I know there are a few questions on this topic but I can't seem to get it going efficiently. I have large input datasets (2-3 GB)
running on my machine, which contains 8GB
of memory. I'm using a version of spyder
with pandas 0.24.0
installed. The input file currently takes around an hour to generate an output file of around 10MB
.
I since attempted to optimise the process by chunking the input file using the code below. Essentially, I chunk
the input file into smaller segments, run it through some code and export the smaller output. I then delete the chunked info to release memory. But the memory still builds throughout the operation and ends up taking a similar amount of time. I'm not sure what I'm doing wrong:
The memory usage details of the file are:
RangeIndex: 5471998 entries, 0 to 5471997
Data columns (total 17 columns):
col1 object
col2 object
col3 object
....
dtypes: object(17)
memory usage: 5.6 GB
I subset the df by passing cols_to_keep
to use_cols
. But the headers are different for each file so I used location indexing to get the relevant headers.
# Because the column headers change from file to file I use location indexing to read the col headers I need
df_cols = pd.read_csv('file.csv')
# Read cols to be used
df_cols = df_cols.iloc[:,np.r_[1,3,8,12,23]]
# Export col headers
cols_to_keep = df_cols.columns
PATH = '/Volume/Folder/Event/file.csv'
chunksize = 10000
df_list = [] # list to hold the batch dataframe
for df_chunk in pd.read_csv(PATH, chunksize = chunksize, usecols = cols_to_keep):
# Measure time taken to execute each batch
print("summation download chunk time: " , time.clock()-t)
# Execute func1
df1 = func1(df_chunk)
# Execute func2
df2 = func1(df1)
# Append the chunk to list and merge all
df_list.append(df2)
# Merge all dataframes into one dataframe
df = pd.concat(df_list)
# Delete the dataframe list to release memory
del df_list
del df_chunk
I have tried using dask but get all kinds of errors with simple pandas methods.
import dask.dataframe as ddf
df_cols = pd.read_csv('file.csv')
df_cols = df_cols.iloc[:,np.r_[1:3,8,12,23:25,32,42,44,46,65:67,-5:0,]]

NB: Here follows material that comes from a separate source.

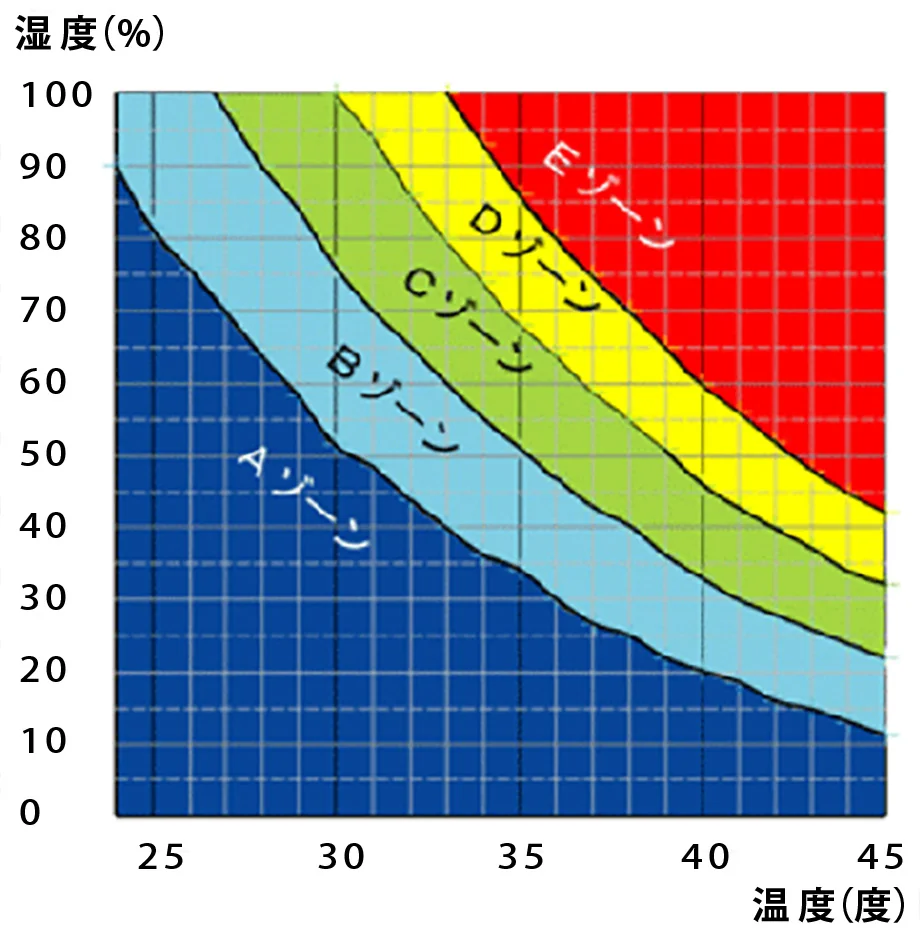 空調服の有効範囲表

cols_to_keep = df_cols.columns
PATH = '/Volume/Folder/Event/file.csv'
blocksize = 10000
df_list = [] # list to hold the batch dataframe
df_chunk = ddf.read_csv(PATH, blocksize = blocksize, usecols = cols_to_keep, parse_dates = ['Time']):
print("summation download chunk time: " , time.clock()-t)
# Execute func1
df1 = func1(df_chunk)
# Execute func2
df2 = func1(df1)
# Append the chunk to list and merge all
df_list.append(df2)
delayed_results = [delayed(df2) for df_chunk in df_list]
line that threw error:
df1 = func1(df_chunk)
name_unq = df['name'].dropna().unique().tolist()
AttributeError: 'Series' object has no attribute 'tolist'
I've passed through numerous functions and it just continues to throw errors.